Você que enxerga a vida com olhos puros, que não se consola diante das injustiças que se amontoam e atropelam no cotidiano, “que ´engole em seco´ com as inverossimilhanças ficcionais diante da vida real, por favor, há de me perdoar! Fodi o machado, agora fodo o ´de assis´. Ele que se recomponha, com sua escrita de ressaca, com suas palavras oblíquas e dissimuladas.

O mundo atual, todo virtual, em sua célere decadência, a priori, dirigida à digestão fácil, não nos permite agora qualquer tipo de assomos barrocos. Convenhamos, estamos muito mais devotados à brejeirice parnasiana, sem sequer a forma dela; e temo hoje como inevitável a facilitação de tudo: da saúde, do discurso, do entendimento, da moral, da jurisprudência.

Faz mais de 100 anos que Bentinho veio a lume falar o que bem entendia e ´como entendia´. Eu não, só agora na era dos blogs, nesses tempos de efêmeros superficiais, de superlativos banais, somente agora pude vir à luz – ó contradição! – para falar o que penso, ´como penso´. Dizer o que fiz, ´como fiz´.

Capitu ainda não, coitada! As mulheres já queimaram sutiãs, já votam (e voltam atrás), já dirigem automóveis, lares e empresas (às vezes tudo ao mesmo tempo), mas ainda comemoram essa benevolência masculina, o 8 de março. Por ora, minha querida Capitu ainda não ganhou as tintas que merece. Espero sinceramente que não demore mais 100 anos para isso, pois ela está enfastiada, não vê a hora de pegar o microfone e bradar o seu grito. Pois sendo mulher demais para o seu tempo, o Brasil e o mundo não poderiam jamais entendê-la, isso é óbvio. Fizeram com ela o que sempre fazem com as mulheres que ousam estar à frente: colocaram-na na fogueira da inquisição. Que inquisição? Oras, a que você quiser, do patriarcado, da escravidão, da injúria, da redução sexista, não importa; pralguns, o que vale é colocar a mulher ´no seu devido lugar´. Ela, justamente ela que, vamos ser sinceros!, era bem mais inteligente que meu amigo, que este seu amigo; mais altruísta e menos démodé; mais sociável e menos sociopata; veja bem o caldeirão quente em que se meteu. Ela merecia sorte maior, ela merecia eu!

Pois o Bento tinha um problema, era “afetado demais”. Não diria gay, se bem que... bem, deixa pra lá! Temo ter que recorrer a Platão, talvez Freud, ou Lacan, para explicar o que se passou entre Bentinho e eu.

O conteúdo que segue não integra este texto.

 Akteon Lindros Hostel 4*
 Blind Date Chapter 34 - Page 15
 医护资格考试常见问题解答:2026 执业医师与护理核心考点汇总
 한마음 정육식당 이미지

Mas o que vocês devem estar se perguntando é “o que é que esse filhadaputa fez, traiu a confiança do melhor amigo, ora essa?” Não, eu não traí a confiança dele, que me era superior ao que uma amizade entre seres que se podem devotar. Meu querido Bentinho era um verdadeiro gentleman, um dândi fluminense, apaixonado demais pelo personagem que a si se criou. Era um Narciso que achava feio o que não lhe é espelho. O exercício ególatra era onde ele se regalava por completo. Ficava entorpecido pela bebedeira de seu humor flanelante.

Se ele amava Capitu? Claro, mas não mais que suas dúvidas, ruminadas na insegurança. Ele foi um autêntico homem mediano, em meditação constante na faculdade de seus meio-termos. Eu, ao contrário, sempre fui apaixonado pela exatidão sagaz, pela ciência do lucro, cioso de vitórias e conquistas. Quando ele precisou de um conselho, eu o dei; quando inquiriu-me sobre decisões, eu as tomei por ele; quando ele contraía dúzias de dúvidas, era eu quem pagava, inclusive os juros.

Sendo Capitu mulher demais e seu marido homem de menos, cheio de querelas existenciais, acabamos por nos ajustar ao tempo, às condições inexatas das paixões febris, e ao desejo inflexível que nos assalta quando na vida as coisas conjugam a nosso favor: amamo-nos. Amei Sancha, amei Bento, amei Capitu; e amei Ezequiel, filho desse desassossego plural entre pessoas vinculadas pela extrema amizade, circunstância concordante e zelo fraterno.

Agora, seu juiz, é preciso que se faça justiça, doa a quem doer. Por isso proponho que se chame agora a senhora Capitolina Santiago Franelas para depoimento.